LONDON, United Kingdom – Tough comparables, as well as the uncertainty in regard to the outcome and impact of trade wars, have dampened the effect of yet another string of great results by the sector.
Whilst results have been strong, demonstrating continued growth in the first half of 2018, investors have been jumpy, over-reacting to a first half sales target miss by Kering and a warning by Moncler that continued momentum in the second half of 2018 might prove challenging.
Profits have been rising across the board, with some notable achievements: Kering first half operating profit up 53 percent, LVMH first half operating profit up 41 percent, Swatch first half net profit up 67 percent, to mention a few. In addition, Hermès’s announced that it sees first half profit margins matching the records it set last year. One could be forgiven for expecting the SLI to have soared, rather than inched up, this month.

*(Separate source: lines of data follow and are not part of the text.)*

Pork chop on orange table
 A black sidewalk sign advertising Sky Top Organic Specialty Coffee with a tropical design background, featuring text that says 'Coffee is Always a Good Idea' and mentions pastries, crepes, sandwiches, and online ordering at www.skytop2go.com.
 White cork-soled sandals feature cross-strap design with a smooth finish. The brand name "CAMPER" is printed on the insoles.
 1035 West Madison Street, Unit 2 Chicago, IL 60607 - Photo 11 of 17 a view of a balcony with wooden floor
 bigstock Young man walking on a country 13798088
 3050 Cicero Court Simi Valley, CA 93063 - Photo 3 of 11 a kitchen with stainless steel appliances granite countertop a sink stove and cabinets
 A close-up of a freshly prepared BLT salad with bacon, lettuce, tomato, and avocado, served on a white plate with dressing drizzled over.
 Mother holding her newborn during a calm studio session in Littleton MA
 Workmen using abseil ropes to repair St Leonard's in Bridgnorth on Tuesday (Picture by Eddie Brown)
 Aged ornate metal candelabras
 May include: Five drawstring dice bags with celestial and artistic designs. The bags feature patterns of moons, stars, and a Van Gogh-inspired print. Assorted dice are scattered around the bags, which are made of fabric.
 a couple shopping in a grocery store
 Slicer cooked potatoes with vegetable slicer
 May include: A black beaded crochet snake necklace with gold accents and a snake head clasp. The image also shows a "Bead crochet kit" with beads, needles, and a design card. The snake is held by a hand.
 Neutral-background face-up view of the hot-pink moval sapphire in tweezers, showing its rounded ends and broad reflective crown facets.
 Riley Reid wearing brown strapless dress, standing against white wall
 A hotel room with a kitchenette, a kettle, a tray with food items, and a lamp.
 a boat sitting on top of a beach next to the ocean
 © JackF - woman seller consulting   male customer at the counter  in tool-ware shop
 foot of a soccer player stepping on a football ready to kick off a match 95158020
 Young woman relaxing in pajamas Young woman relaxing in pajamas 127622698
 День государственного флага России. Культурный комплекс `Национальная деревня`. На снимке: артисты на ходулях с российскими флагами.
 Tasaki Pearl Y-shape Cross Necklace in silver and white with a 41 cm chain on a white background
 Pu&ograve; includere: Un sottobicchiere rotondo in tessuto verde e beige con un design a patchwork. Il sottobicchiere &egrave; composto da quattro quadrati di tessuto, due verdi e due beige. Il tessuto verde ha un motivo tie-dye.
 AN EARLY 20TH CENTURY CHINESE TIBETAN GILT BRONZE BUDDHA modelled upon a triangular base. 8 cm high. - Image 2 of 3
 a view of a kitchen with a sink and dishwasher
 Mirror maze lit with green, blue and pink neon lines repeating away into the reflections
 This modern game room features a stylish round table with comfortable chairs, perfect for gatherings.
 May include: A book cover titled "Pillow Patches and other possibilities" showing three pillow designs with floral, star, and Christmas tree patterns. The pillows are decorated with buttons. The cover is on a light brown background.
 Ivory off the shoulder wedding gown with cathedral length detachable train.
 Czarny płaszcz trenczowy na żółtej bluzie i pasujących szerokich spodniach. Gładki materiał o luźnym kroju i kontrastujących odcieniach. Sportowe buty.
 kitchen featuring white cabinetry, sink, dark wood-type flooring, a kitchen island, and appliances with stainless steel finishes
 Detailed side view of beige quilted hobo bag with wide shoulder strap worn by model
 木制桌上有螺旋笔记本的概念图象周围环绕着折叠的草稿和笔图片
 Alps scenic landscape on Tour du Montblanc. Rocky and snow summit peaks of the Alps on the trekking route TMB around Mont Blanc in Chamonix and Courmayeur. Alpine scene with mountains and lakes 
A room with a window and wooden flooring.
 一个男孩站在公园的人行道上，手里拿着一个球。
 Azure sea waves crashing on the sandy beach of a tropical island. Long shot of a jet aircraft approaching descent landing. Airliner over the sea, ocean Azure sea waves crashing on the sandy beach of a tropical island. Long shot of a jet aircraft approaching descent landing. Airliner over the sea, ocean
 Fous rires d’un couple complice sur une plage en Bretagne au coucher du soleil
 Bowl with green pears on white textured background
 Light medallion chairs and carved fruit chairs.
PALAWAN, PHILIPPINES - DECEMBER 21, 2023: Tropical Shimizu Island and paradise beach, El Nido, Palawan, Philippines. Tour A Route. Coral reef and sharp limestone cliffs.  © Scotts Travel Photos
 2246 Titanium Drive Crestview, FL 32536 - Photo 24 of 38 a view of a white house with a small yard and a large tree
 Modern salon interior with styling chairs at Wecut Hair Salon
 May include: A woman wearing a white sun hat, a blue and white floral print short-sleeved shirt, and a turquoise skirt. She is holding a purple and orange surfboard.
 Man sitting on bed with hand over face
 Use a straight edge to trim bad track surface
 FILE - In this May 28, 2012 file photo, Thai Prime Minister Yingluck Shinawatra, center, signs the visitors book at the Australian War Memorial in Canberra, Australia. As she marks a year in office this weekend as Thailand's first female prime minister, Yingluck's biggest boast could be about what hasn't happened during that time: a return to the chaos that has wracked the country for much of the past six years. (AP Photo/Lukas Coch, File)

But there is a lot of uncertainty around at the moment, with conflicting views as to the outcome and impact of Trump’s carpet-bombing of international trade agreements — and investors don’t like this.
Beauty was flavour of the month with a total of seven transactions being announced in July: in colour cosmetics, Pat McGrath Labs, Kiko Cosmetics and Iconic London received investment from private equity firms Eurazeo, Peninsula Capital Partners and Blue Gem Capital Partners, respectively, and Butter London was acquired by Astral Brands. Skincare brand First Aid Beauty was acquired by P&G, soaps and fragrances brand Sabon Shel was acquired by Yves Rocher and Scandinavian cosmetics distributor Solis International was acquired by Scandinavian Cosmetics Group.
Two French heritage brands also changed hands in July: men’s underwear brand Eminence, founded in the 1940’s, was acquired by Israeli apparel group Delta Galil Industries and a portfolio of outdoor sports brands including ski goggles and apparel brand Bollé, founded in 1888, was acquired by private equity firm Alvarez & Marsal Capital. Other brands in the portfolio included Cébé and Serengeti Eyewear.
Volatility has returned to the Savigny Luxury Index (“SLI”) with strong results tempered by concerns over outlook and mounting global trade tensions. Our index rose 1.3 percent this month; nevertheless, this was a robust performance relative to a decline of 1.5 percent for the MSCI.
SLI vs. MSCI
- Ralph Lauren’s turnaround continued to bear fruit, with a quarterly revenue and earnings beat sending the share price up; the stock ended the month 7 percent higher.
- LVMH’s strong first half results, backed by continued outperformance of Louis Vuitton, saw the share price increase by 5 percent in July.
- Mulberry’s share price continued to suffer from Brexit angst, losing a further 16 percent this month.
- Shares in Brunello Cucinelli took a nose-dive at the beginning of the month, in an apparent over-reaction to a downgrade on the stock. The company’s first half results pushed the shares back up, but the stock ended July 7 percent down.
- Kering’s first half earnings beat was overshadowed by a sales target miss, resulting in the shares ending the month 6 percent down.
What to watch
According to Research and Markets, the global online jewellery market is set to grow at an annual rate of 16 percent during the period 2018 to 2022. The opportunity here is with branded jewellery players, which still account for a small portion of global jewellery sales.
While the bigger players such as Tiffany will have an edge, smaller and more nimble players are likely to emerge. In the UK, Vashi, an online jewellery brand that has evolved into omni-channel retailing offering a less formal approach to buying jewellery, is creating waves. We would expect more of this to come.